### Records supplied
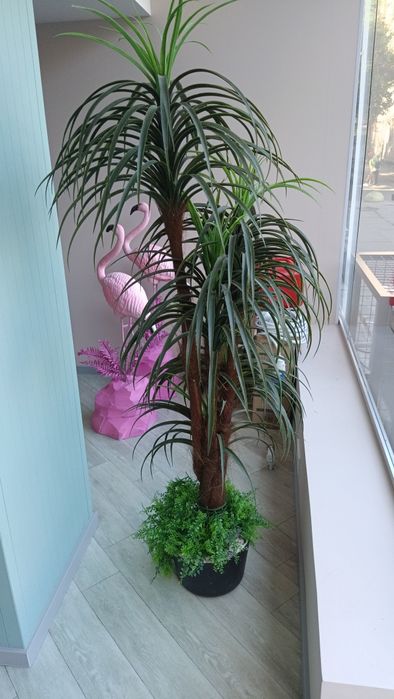 Пальма штучна, штучні рослини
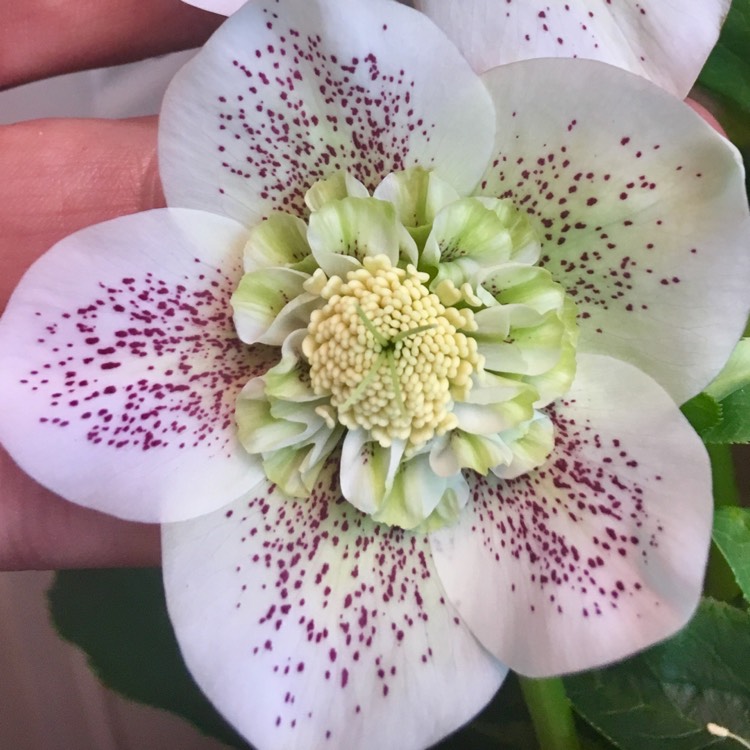 Plant image Helleborus x hybridus 'White Tutu'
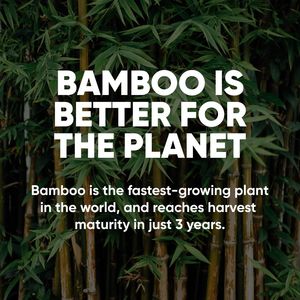 Mouchoirs en bambou 3 plis hypoallergéniques écologiques – 12 boîtes de 90 feuilles chacune, certifiés FSC et sans plastique - Product Image 4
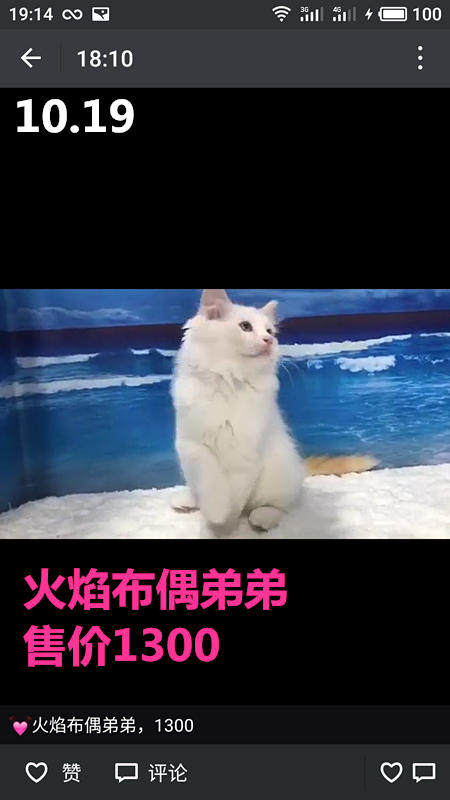 Другие 出售家养可爱粘人其它宠物品种齐全76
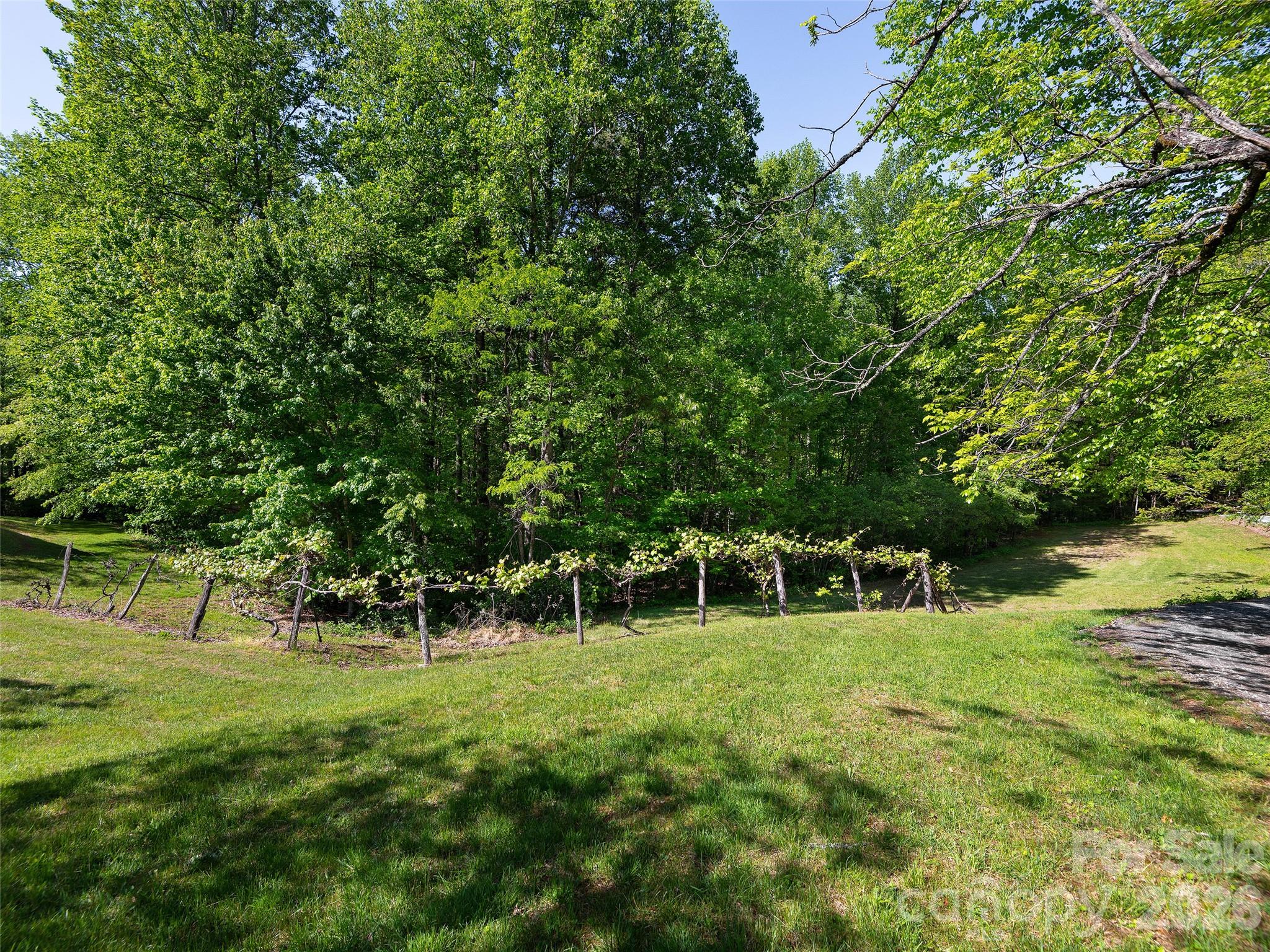 209 Ivy Hill Road — Hendersonville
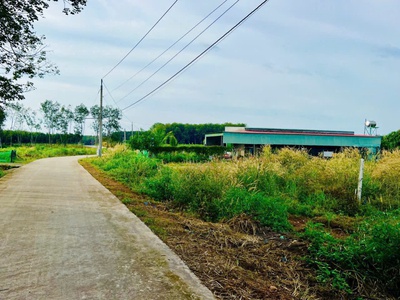 Bán lô đất 1621m 100m thổ cư tại Đồng Phú Giá chỉ 275 triệu bán nguyên lô 3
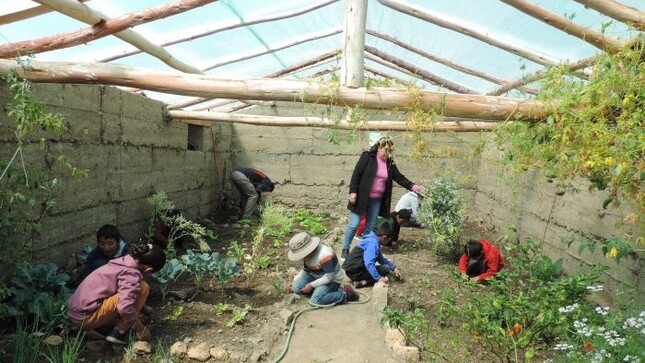 Alimentos frescos para complementar servicio alimentario escolar de Qali Warma
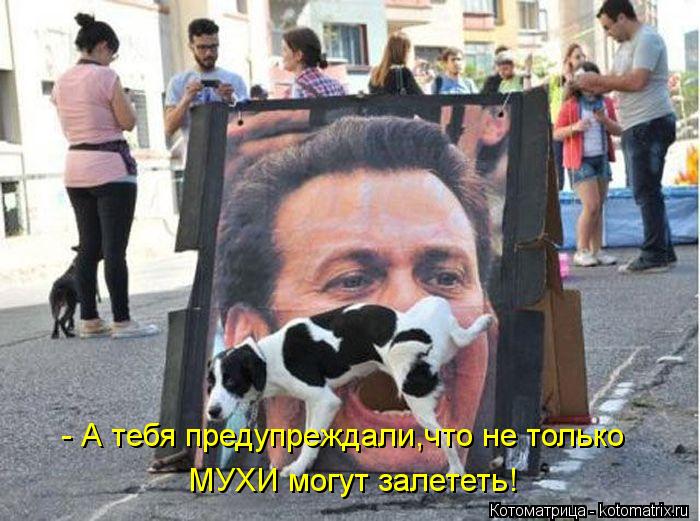 Котоматрица: - А тебя предупреждали,что не только МУХИ могут залететь!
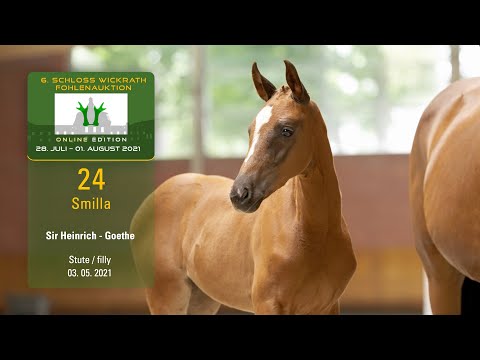Fohlenauktion 28.7. - 01.8.2021 Katalog-Nr. 24 Smilla SF v. Sir Heinrich - Goethe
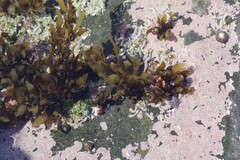 Sargassum incisifolium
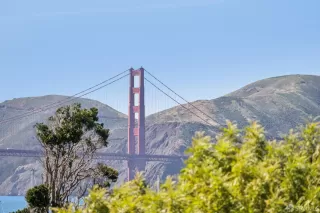 Photo #5: 426119112 Listing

### What to produce
Transcribe exactly the lines from the one containing "Alimentos frescos para" through the last line of the records above, and nothing else. Leave out the pictures.

### Task output
 Alimentos frescos para complementar servicio alimentario escolar de Qali Warma
 Котоматрица: - А тебя предупреждали,что не только МУХИ могут залететь!
Fohlenauktion 28.7. - 01.8.2021 Katalog-Nr. 24 Smilla SF v. Sir Heinrich - Goethe
 Sargassum incisifolium
 Photo #5: 426119112 Listing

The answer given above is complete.